2018-03-09, 3:09 PM #8040
Originally posted by saberopus:
That might be true, but I think at least some portion of the people concerning themselves with issues of tone do so out of pragmatism. I know myself and a lot of people like me came of age really believing in the importance of objective truths, of rationality, in a pro-science optimism, etc. And while I certainly still believe in all those things, I think an evidence-based mindset has to recognize the possibility that certain arguments and dialogue that appeal to reason, tone be damned, might not be "getting the job done," as it were. In this case, if a liberal wants to convince a conservative of something, and (say) it's empirically true that a smug tone significantly lessens the likelihood that the conservative will be convinced by the argument, isn't that worth paying attention to?
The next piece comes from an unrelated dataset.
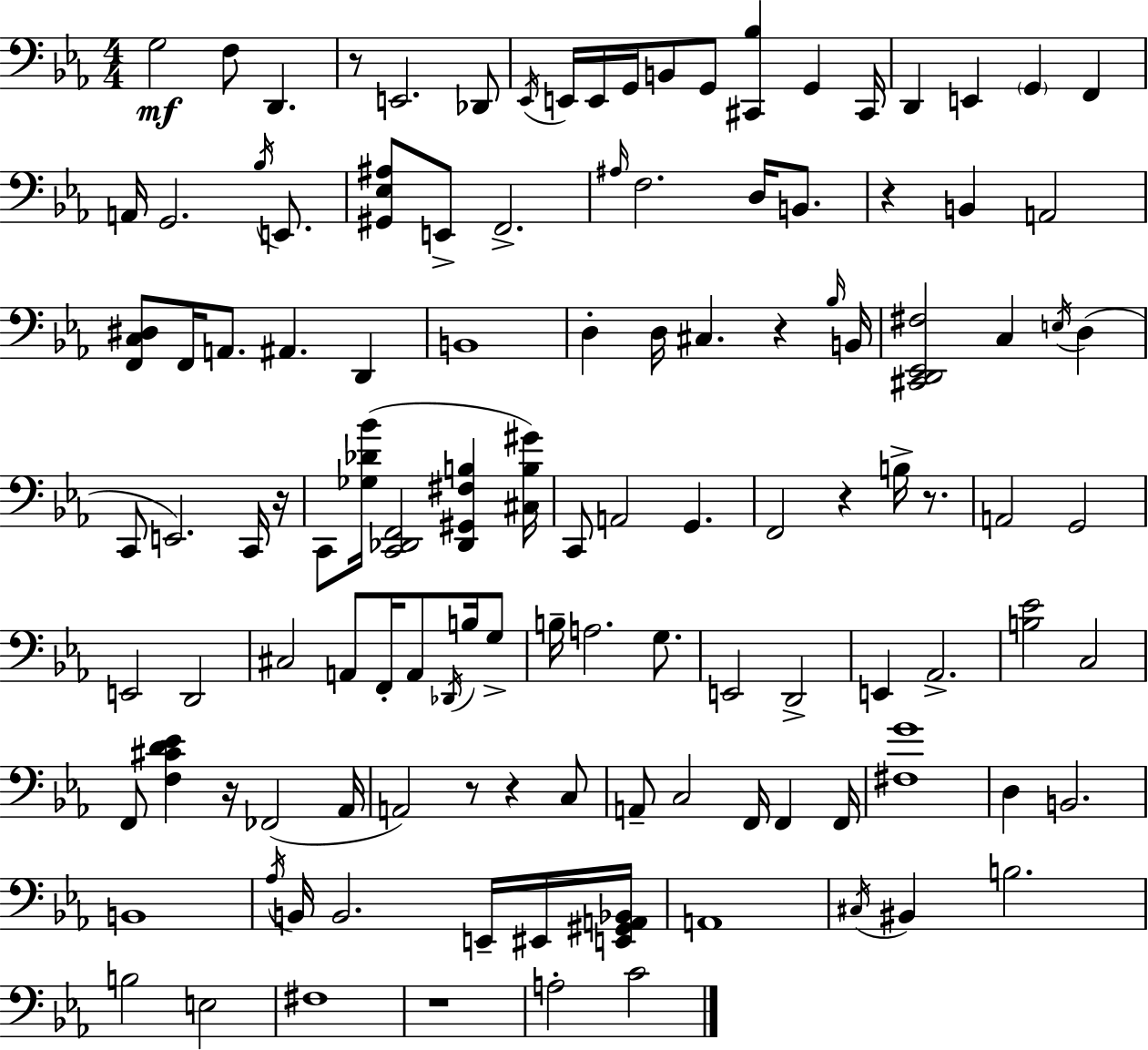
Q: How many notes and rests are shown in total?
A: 119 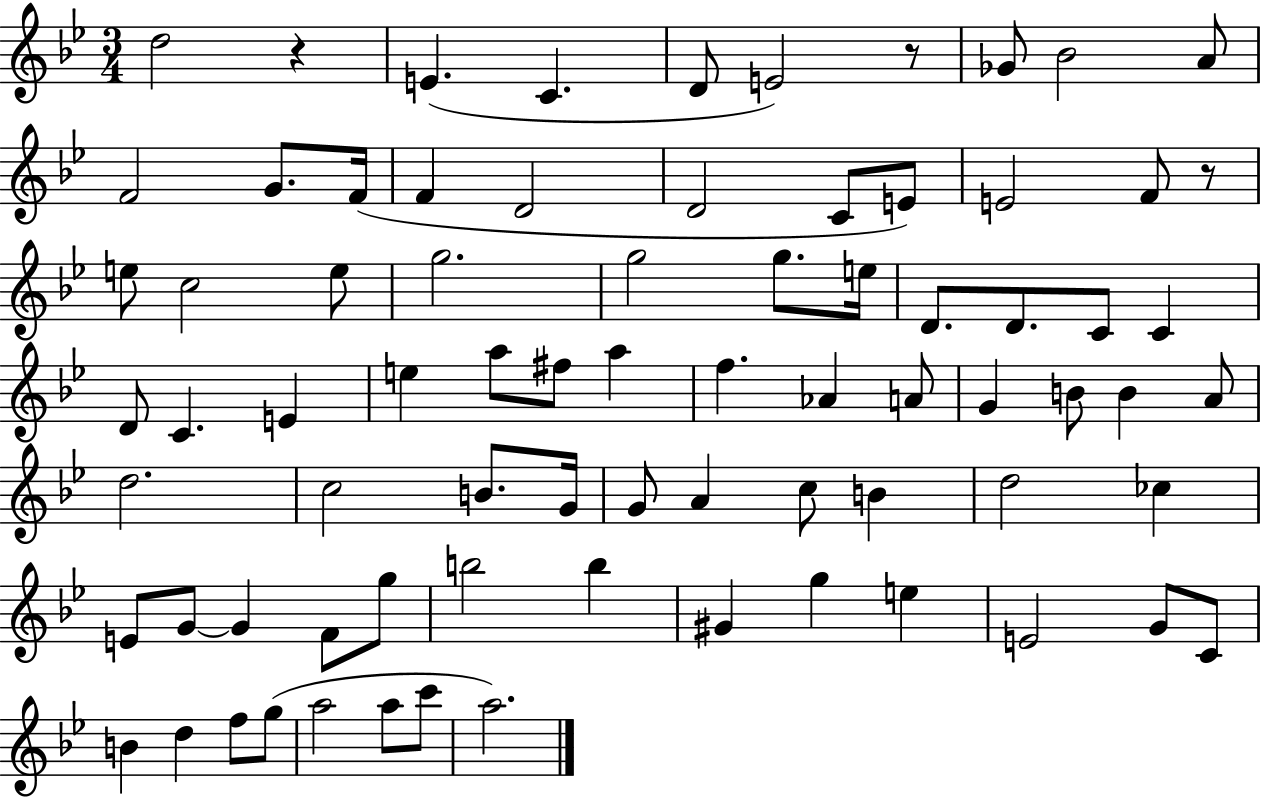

That's one of the primary arguments concerning this sort of thing, yeah. That being rude or whatever is counter-productive. And it does have some merit, right, it's pretty clear without thinking too much that blatant, unremitting rudeness is not going to do very much. My criticism of this would be that, this viewpoint has been pushed for a long time, as long as I can remember, yet it's apparently not been effective. I don't think decades of "polite discourse" actually had much of a tangible effect on how Americans perceive the world. Most discussions are still done very poorly, very few people are ever convinced, and I feel this politeness has the negative effect of allowing bad, toxic ideas to persistent when they ought to be pressured more thoroughly.